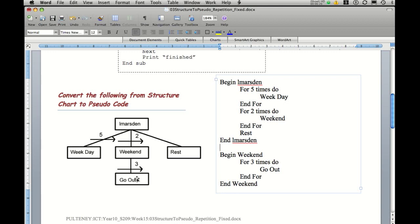So this concludes our tutorial on for do loops or fixed iteration. Your job now is to complete the rest of the tasks.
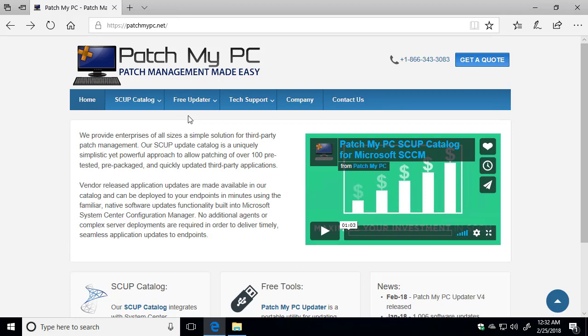Hi, my name's Justin. I'm a software engineer with PatchMyPC. In today's video, we're going to be showing you how you can use PatchMyPC to install and update over 300 applications on your Windows PC.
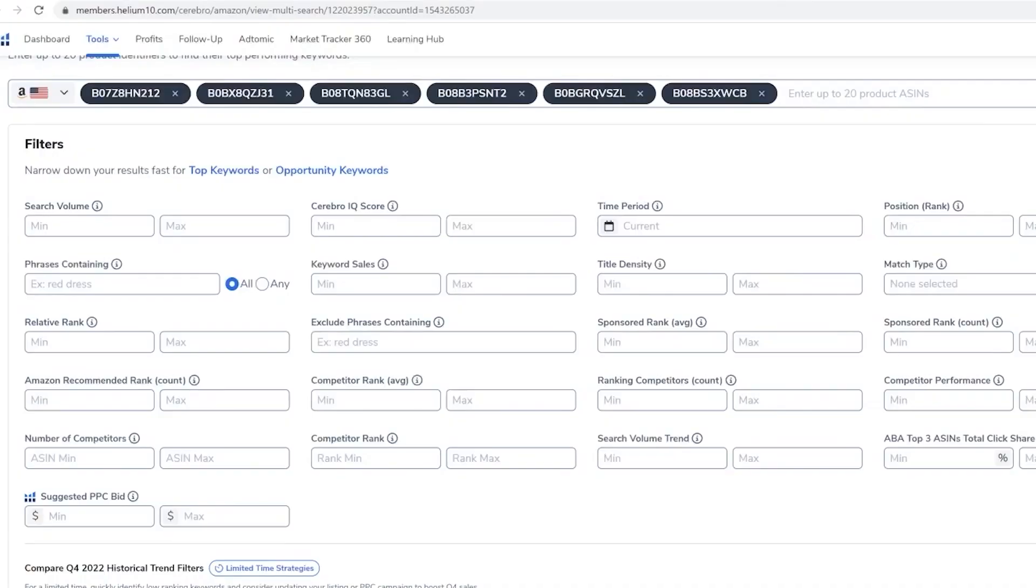How can you find this? Well, let's just say that you did a multi-ASIN search like I've shown you in other videos, and you're looking at about four, five, six, seven or however many ASINs that you want to take a look at for sponsored rank count. And I'm going to go ahead and put in a minimum of two there.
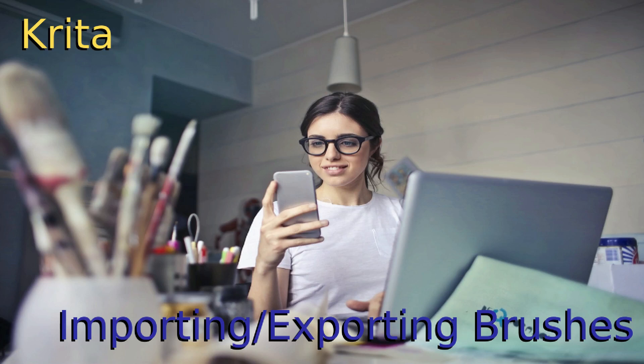Hello everybody! In this video we are going to cover how to import and export brushes.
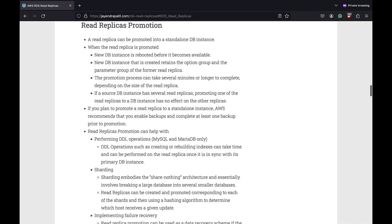RDS read replicas enable increased database availability in the case of an AZ failure. An RDS read replica can be promoted into a standalone DB instance. When the read replica is promoted new DB instance is rebooted before it becomes available. The new DB instance created retains the option group and the parameter group of the former read replica. The promotion process can take several minutes or longer to complete depending on the size of the read replica. If you plan to promote a read replica to a standalone instance AWS recommends that you enable backups and complete at least one backup prior to the promotion. Read replica promotion can be used for failover and as a data recovery scheme if the primary DB instance fails.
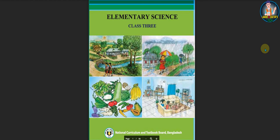Assalamualaikum dear students, hope you are fine by the grace of the Almighty. Today I am here from Labib and Jaffi stake. Our students are class three English version and our subject is elementary science. Today we are going to chapter five: Soil. I am going to show you the exercises of chapter five soil, so let's start.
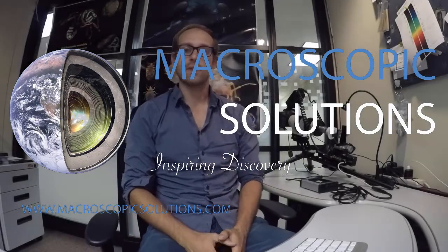Hi, this is Mark with Macroscopic Solutions. Today I'm going to be using the 50x objective with the Macropod Pro 3D and micro kit.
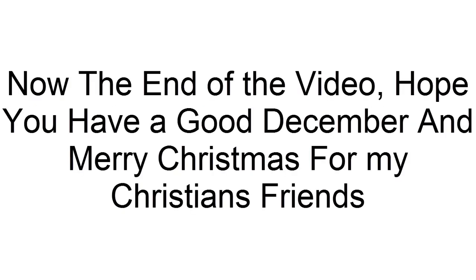Okay, now the end of the video. Hope you have a good December and Merry Christmas to my Christian friends. This was Sajda aka Fancy and goodbye.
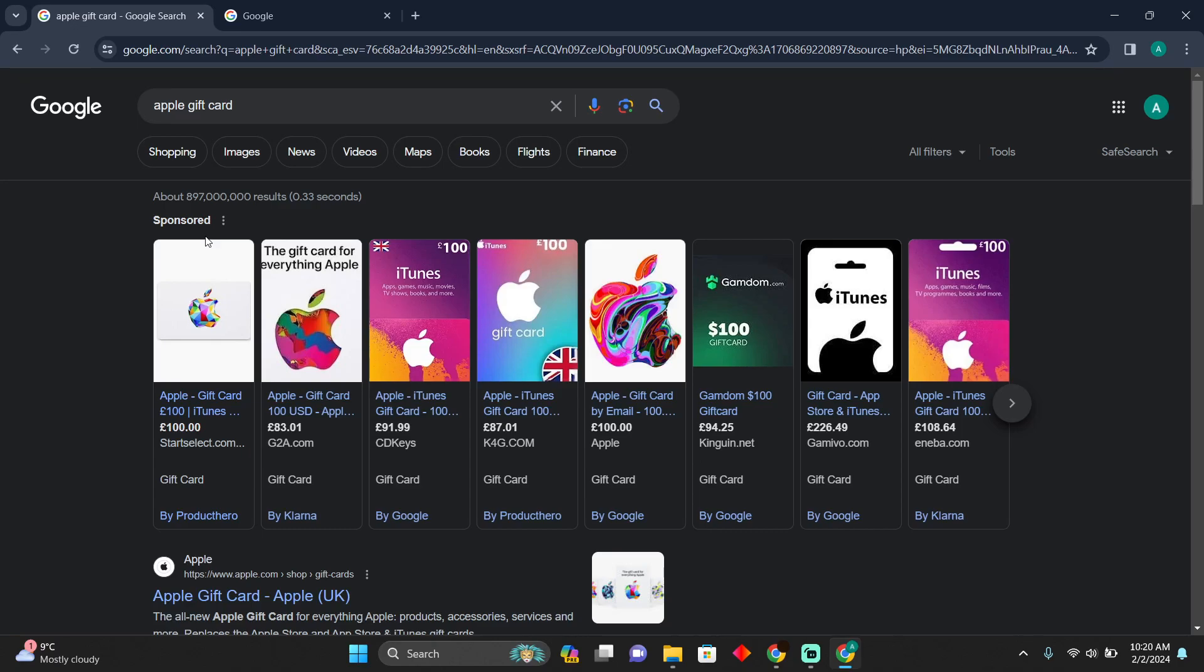Buying V-Bucks using the Apple gift card is pretty easy to do. Today I'm going to teach you how you can buy V-Bucks using the Apple gift card. As you can see, I'm on Google.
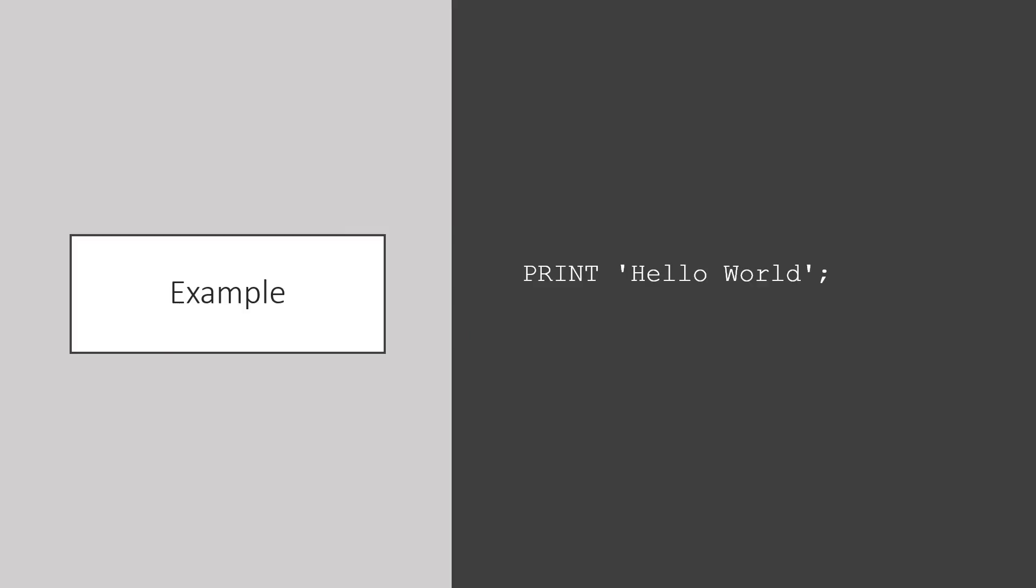A very simple use of print would be to display Hello World. Print displays text. The text is enclosed in single quotes and the command ends with a semicolon.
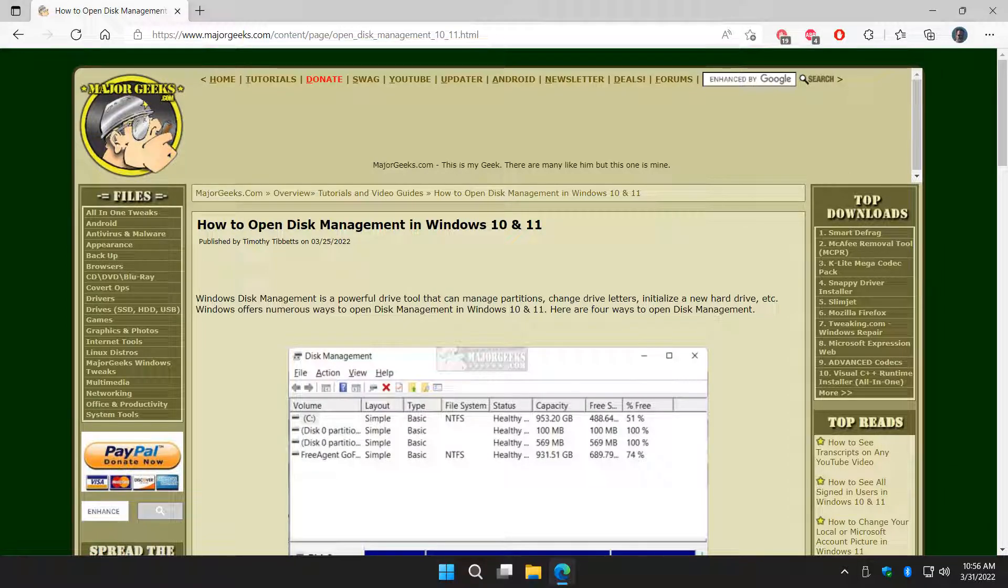Hey there Geeks, Tim with MajorGeeks.com. Today we're going to show you how to open Disk Management in Windows 10 or 11.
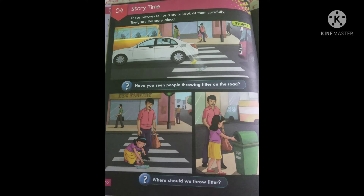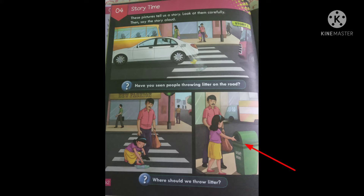Now come to the second picture. In the second picture, a small girl is picking up all the litter. And in the third picture, that small girl is throwing the litter in the dustbin.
··········
**Brief:** Copy out exactly the lines that run from the line containing "Hey there Geeks, Tim" through the last line of the material, and nothing more; omit the pictures.

**Response to the exercise:**
Hey there Geeks, Tim with MajorGeeks.com. Today we're going to show you how to open Disk Management in Windows 10 or 11.
Now come to the second picture. In the second picture, a small girl is picking up all the litter. And in the third picture, that small girl is throwing the litter in the dustbin.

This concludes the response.